What you need to do:
Please output exactly the lines from the one containing "-椒香城门口重庆老火锅(宝安固戍店)" through the end of the records below, leaving out any pictures.

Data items
#####

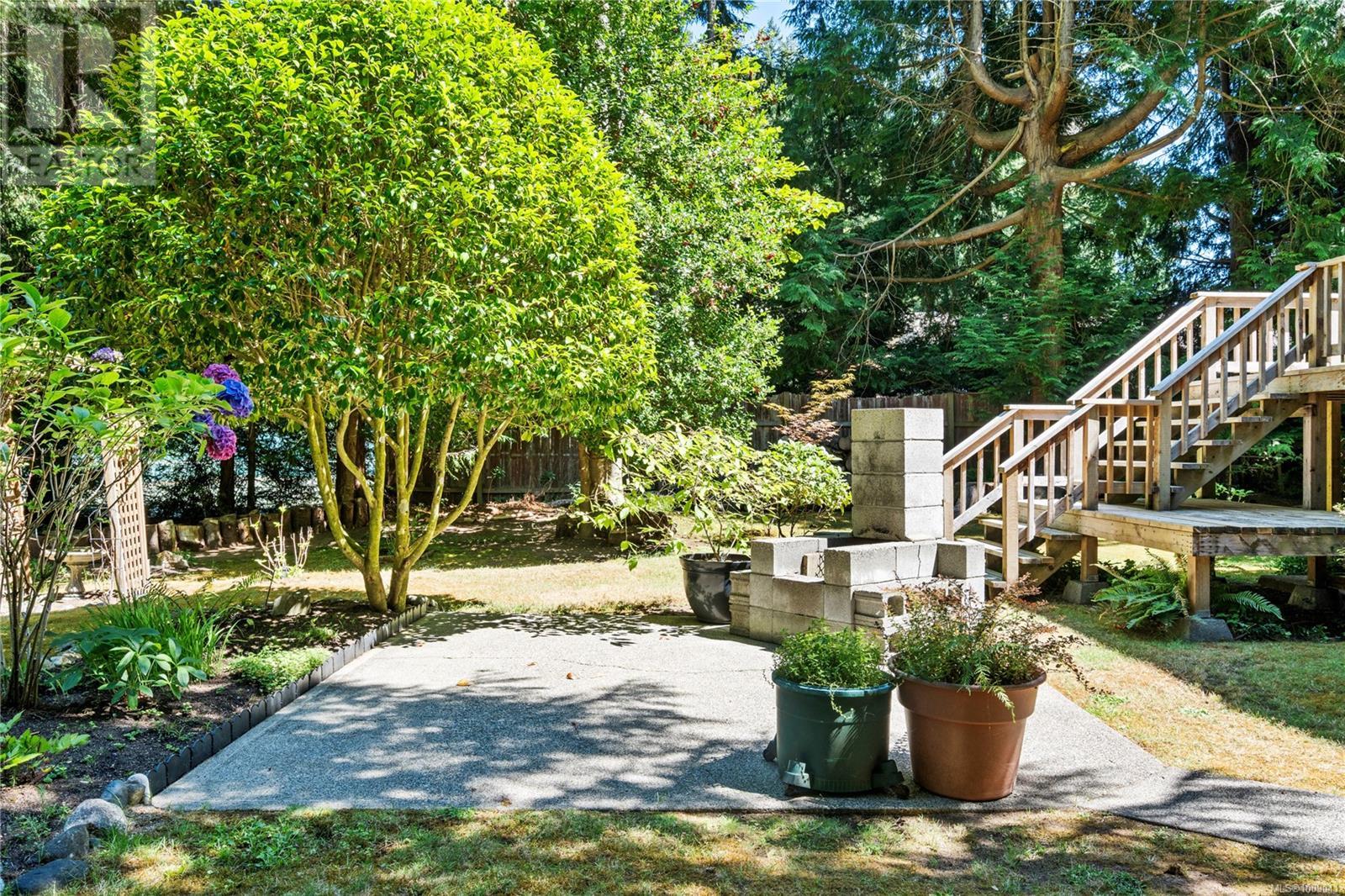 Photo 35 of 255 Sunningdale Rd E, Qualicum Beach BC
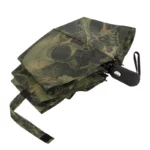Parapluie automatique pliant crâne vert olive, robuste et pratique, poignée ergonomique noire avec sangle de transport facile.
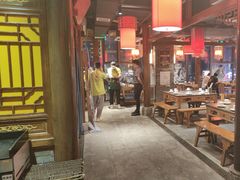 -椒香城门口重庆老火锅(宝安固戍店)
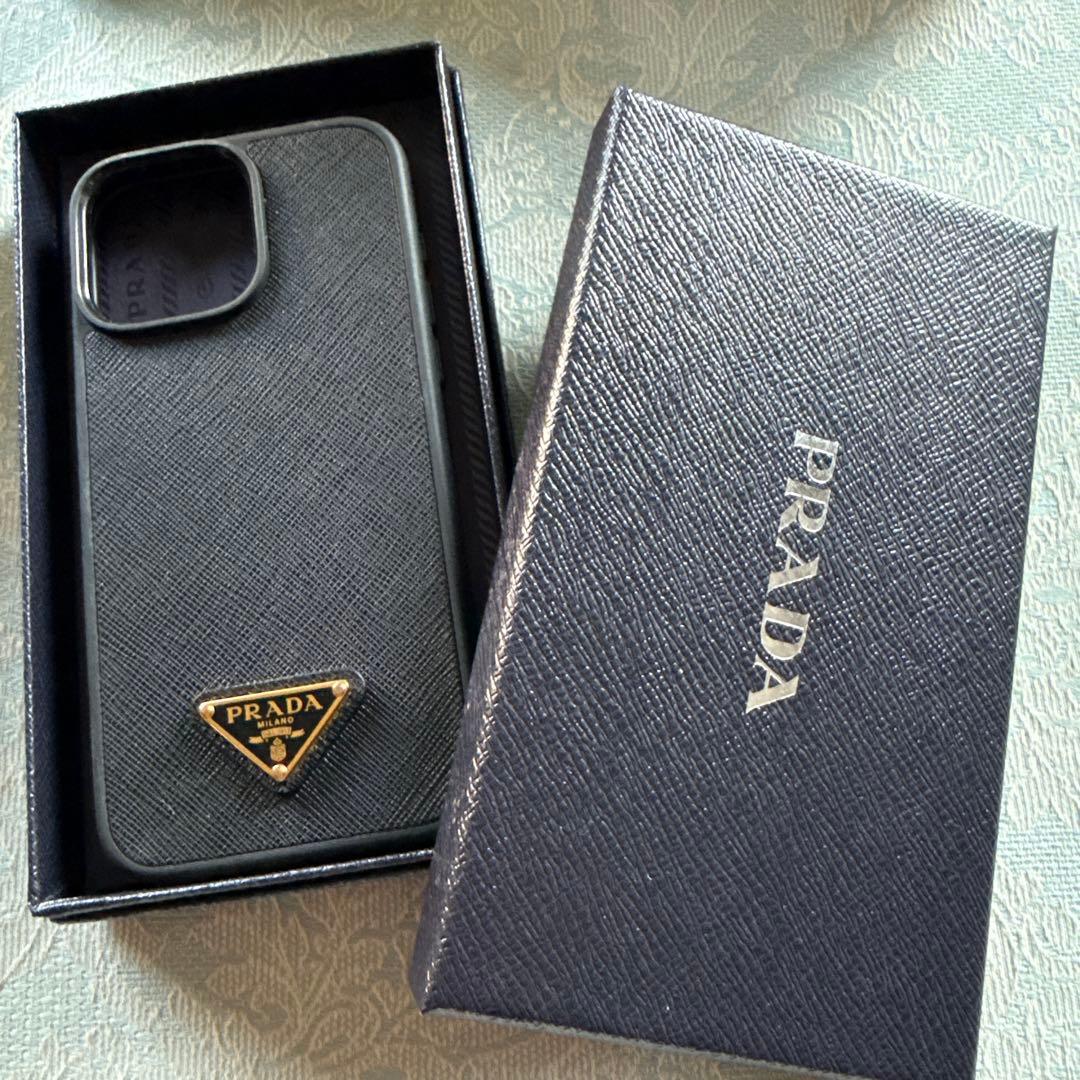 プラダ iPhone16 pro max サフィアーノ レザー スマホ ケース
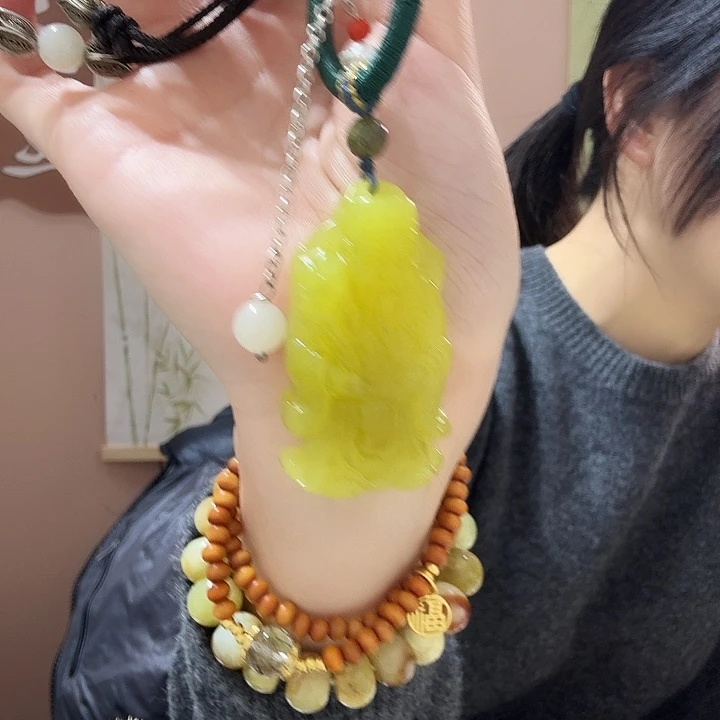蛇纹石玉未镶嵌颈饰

#####

Response to the exercise:
 -椒香城门口重庆老火锅(宝安固戍店)
 プラダ iPhone16 pro max サフィアーノ レザー スマホ ケース
蛇纹石玉未镶嵌颈饰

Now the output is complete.